The painter John Hoyland is now in his seventies, but his breathtaking giant canvases still radiate strength and vitality. Howard Jacobson spends time with him in his studio

The floor of John Hoyland’s studio resembles a jungle undergrowth after a storm – a wonder of wild colour, fertility and iridescence, nothing still, nothing quiet, every causality somehow turned to aesthetic advantage. It is sticky enough for me to fancy that if I walk with purpose on it I might be able to take a couple of his paintings home on my shoes. As the least conceptual or ornamental of painters, Hoyland wouldn’t mind that. Since he paints with the whole man, and aspires to paint everything it’s with every part of yourself that you feel you should possess him.

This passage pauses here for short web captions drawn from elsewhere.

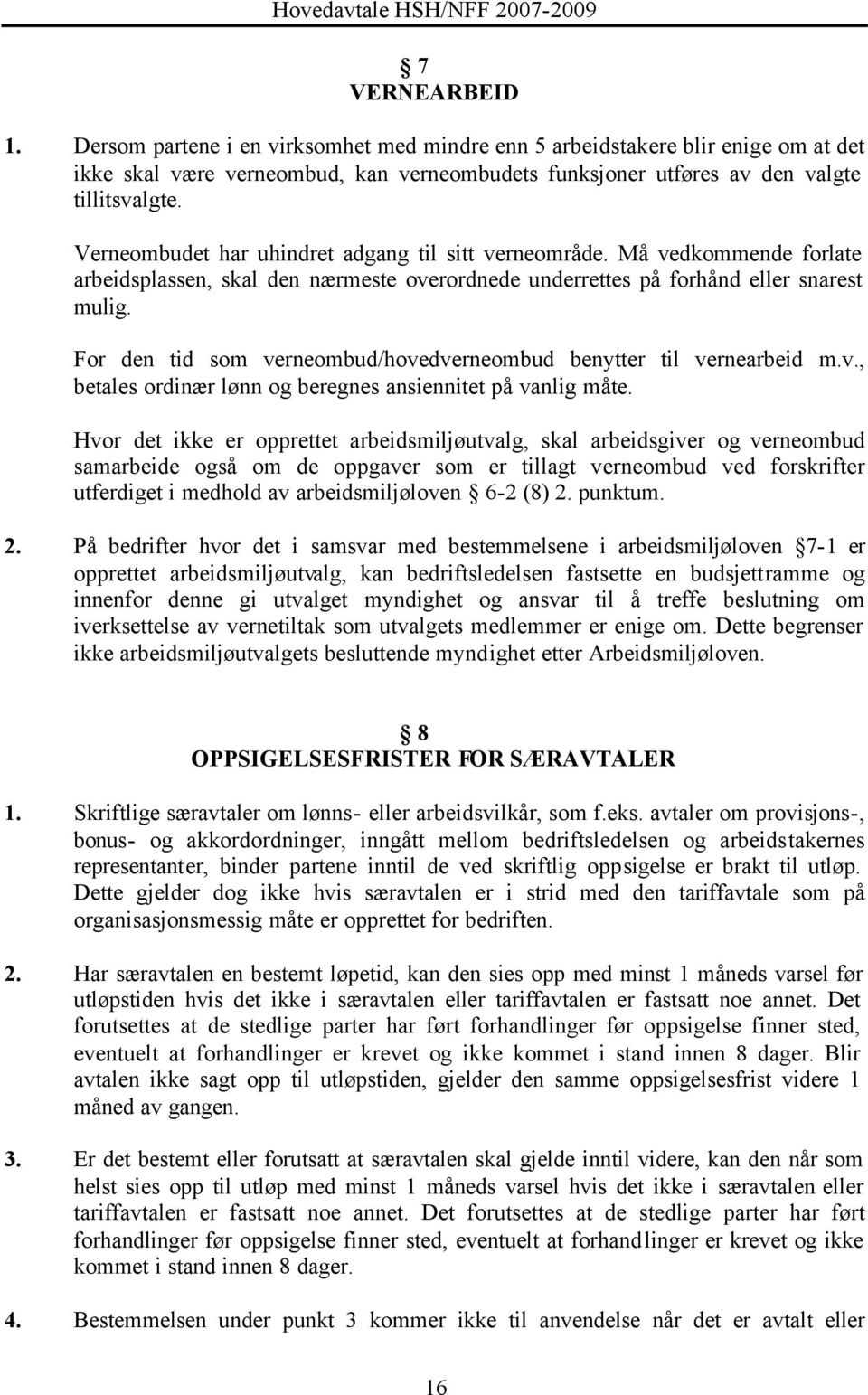 For den tid som verneombud/hovedverneombud benytter til vernearbeid m.v., betales ordinær lønn og beregnes ansiennitet på vanlig måte.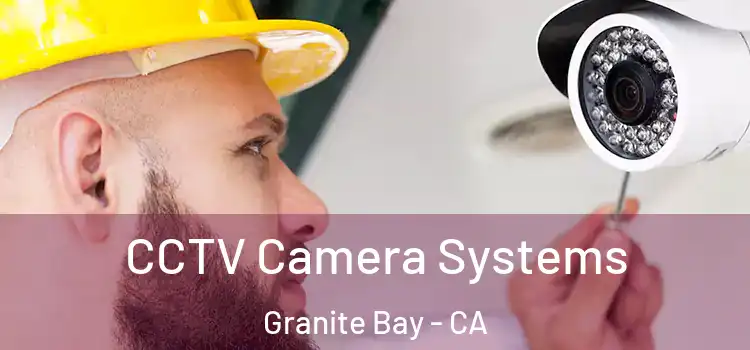 CCTV Camera Systems Granite Bay - CA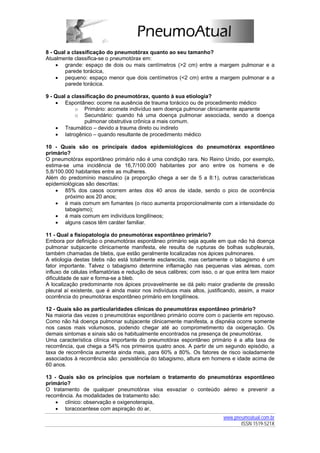 8 - Qual a classificação do pneumotórax quanto ao seu tamanho?
Atualmente classifica-se o pneumotórax em:
    • grande: espaço de dois ou mais centímetros (>2 cm) entre a margem pulmonar e a
        parede torácica,
    • pequeno: espaço menor que dois centímetros (<2 cm) entre a margem pulmonar e a
        parede torácica.

9 - Qual a classificação do pneumotórax, quanto à sua etiologia?
    • Espontâneo: ocorre na ausência de trauma torácico ou de procedimento médico
            o Primário: acomete indivíduo sem doença pulmonar clinicamente aparente
            o Secundário: quando há uma doença pulmonar associada, sendo a doença
                pulmonar obstrutiva crônica a mais comum.
    • Traumático – devido a trauma direto ou indireto
    • Iatrogênico – quando resultante de procedimento médico

10 - Quais são os principais dados epidemiológicos do pneumotórax espontâneo
primário?
O pneumotórax espontâneo primário não é uma condição rara. No Reino Unido, por exemplo,
estima-se uma incidência de 16,7/100.000 habitantes por ano entre os homens e de
5,8/100.000 habitantes entre as mulheres.
Além do predomínio masculino (a proporção chega a ser de 5 a 8:1), outras características
epidemiológicas são descritas:
    • 85% dos casos ocorrem antes dos 40 anos de idade, sendo o pico de ocorrência
        próximo aos 20 anos;
    • é mais comum em fumantes (o risco aumenta proporcionalmente com a intensidade do
        tabagismo);
    • é mais comum em indivíduos longilíneos;
    • alguns casos têm caráter familiar.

As with his paintings, so with the atmosphere in which he works: what strikes you immediately is the fecundity. Not only the masks and tribal artefacts picked up on his travels, but the outlandish glass and ceramic sculptures he has made himself, great phallic excrescences that dominate his dining furniture, taking the place of dinner guests – actually excluding dinner guests, since there isn’t room at the table for sculptures and people – hinting at an impatience with the conventional niceties, not out of some impulse to primitive slumming (for he is definitely a man of now) or abstemiousness (for is no less definitely a man of appetite and indulgence), but as though he cannot bear to be in only one place or inhabit only one dimension at a time. The restlessness of the man is tangible.

‘All my stuff comes out of going to the tropics,’ he tells me, as though, treading the jungle floor of his studio, one needs to have that pointed out. ‘Something about the abundance of life there – the danger, the music, the light. I love the light there, the dawn, the sunsets. I can’t get going here.’

There and here. Though he does not come across as fraught or anxious, there is no missing the tension in him between where he is and the would rather be. The work vibrates with somewhere else. He reels off the places he has lived – Bali, Australia, the Caribbean, Haiti, Mauritius, Thupelo Village in South Africa, Amsterdam, New York. The notebooks commemorating these sojourns – pictorial diaries, aide-mémoires, sketches made with oily markers at the moment of seeing – are exquisite. Quick and intense, witty, angry, rhapsodic, page after page of Matisse-like absorptions in the light and colour of the natural world, but romantically footloose as well, in the spirit of Gauguin.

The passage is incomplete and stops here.